Movie Prom Highs and Lows
By Laura Kern
Docs like Midnight in Paris present joyful takes on the high-school tradition, while fiction films often reveal another side.
For many teenagers, the senior prom represents a period of heightened anxiety at a particularly fraught time of life. There are the damaging self-esteem issues that go along with the fear of not finding a date, angst over feeling unpopular or unnoticed, and the added financial concerns of needing to buy that perfect dress or rent that tux or stretch limo. But for the lucky ones, it can be a time of release fueled by pure bliss, a reprieve from worrying about exams and the pressures of having to soon start leading a more “adult” life.
A new documentary, currently streaming exclusively on Metrograph, reminds us of the vast influence the prom has had on cinema, from nonfiction to teen comedies to horror classics.
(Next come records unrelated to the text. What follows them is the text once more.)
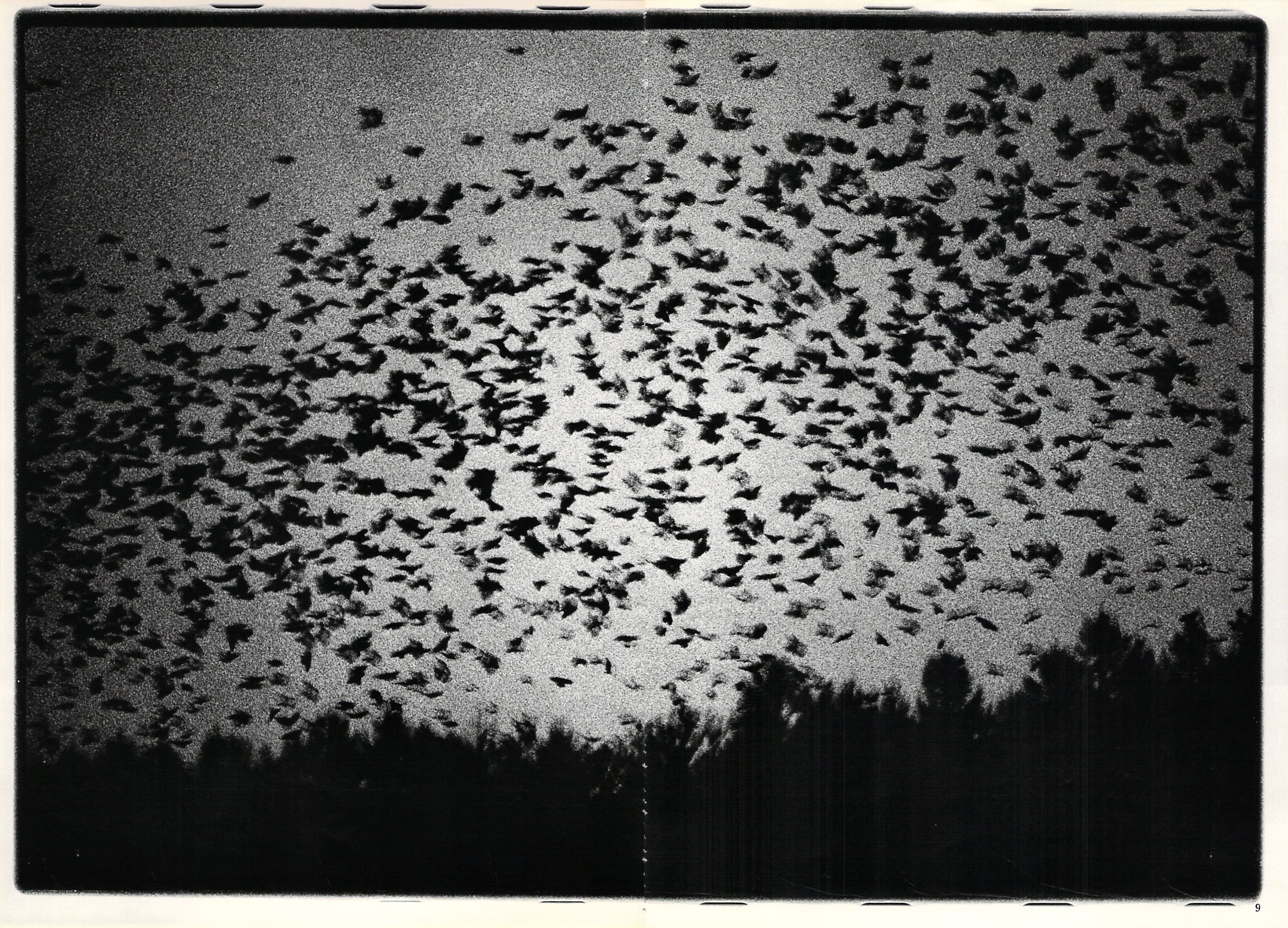 Ravens 5, 1979 - Masahisa Fukase Archives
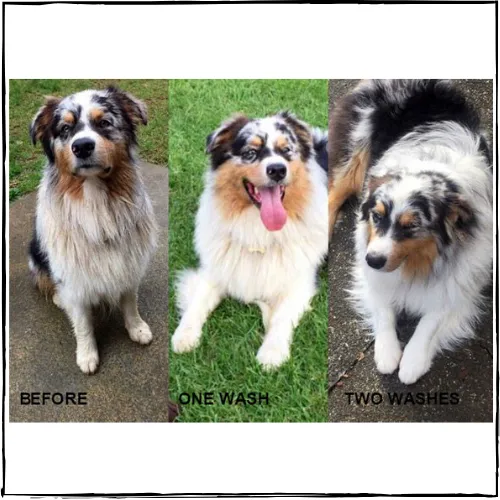 NATURALLY WHITE- Whitening Shampoo Bar for Horses and Dogs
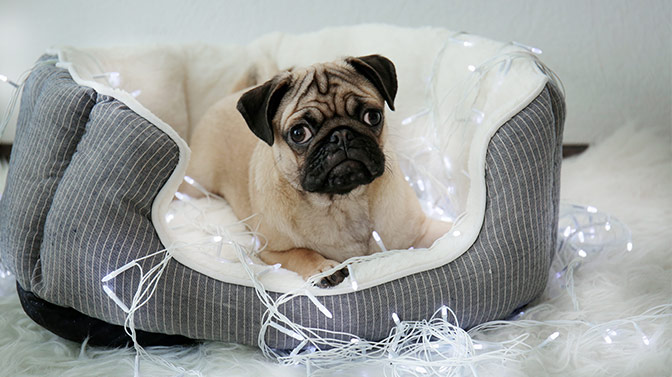 do pugs suffer breathing problems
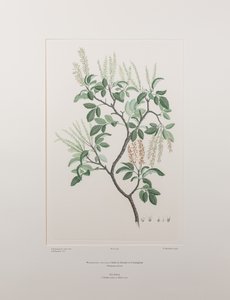 Weinmannia sylvicola (Cunoniaceae) - 插图 436，班克斯的《花卉》，约 1771-84 年（铜版纸雕刻）。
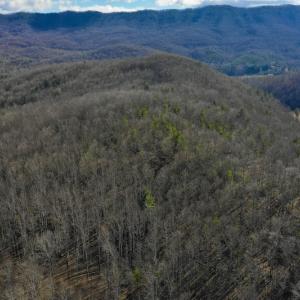 Photo #17 of SOLD property in 2880 South Buffalo Rd, Lexington, VA 341.1 acres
Roni Moore and James Blagden’s Midnight in Paris takes a firmly optimistic stance, regarding the prom as a euphoric occasion—one at which boys and girls, equally excited, can get out of their everyday clothes, break from their shells, and shine for one night. The film trails a small group of students in May 2012, through the school week leading up to the big event. At the all-Black (at least as depicted in the film) Northern High School in Flint, Michigan—a former automotive town shown in a very different light in Michael Moore’s 1989 Roger & Me and this year’s Flint, addressing the town’s poisoned water supply—the focus is on the students’ less complicated daily activities: sports and marching-band practice, graduation rehearsals, and, of course, prom preparations. From within the school’s hallways, lined with padlocked bright red and yellow lockers and signs denouncing bullying, and the students’ homes, viewers get a taste of their interactions with their families as well as their friends, with whom they discuss universal prom topics: is your date a “date” date or a “friend” date, what they’re going to wear, and post-prom partying and sex. More practical details, which usually evoke issues of class, are also addressed by the film, such as modes of transportation and dress donations, and the high price of corsages.
It’s impossible not to wonder while watching any documentary with cameras planted on especially impressionable subjects how much of what you are seeing is the real “them,” and how much exists for the audience’s benefit. But the teens here come off as quite relaxed and natural, unlike in another prom-related doc, American Teen (Nanette Burstein, 2008), where there’s not a single moment that doesn’t feel completely staged. With its abundance of positive vibes and family values, it’s no wonder that the easy-to-digest Midnight in Paris has already charmed festival audiences.
“MODERN” FILMS NATURALLY EXPLORE A MORE SOPHISTICATED OPENNESS IN TERMS OF DATES, GOING AGAINST THE OLD-SCHOOL, OFTEN TACKY PROM TRADITIONS—BUT WE’RE REALLY NOT SO EVOLVED.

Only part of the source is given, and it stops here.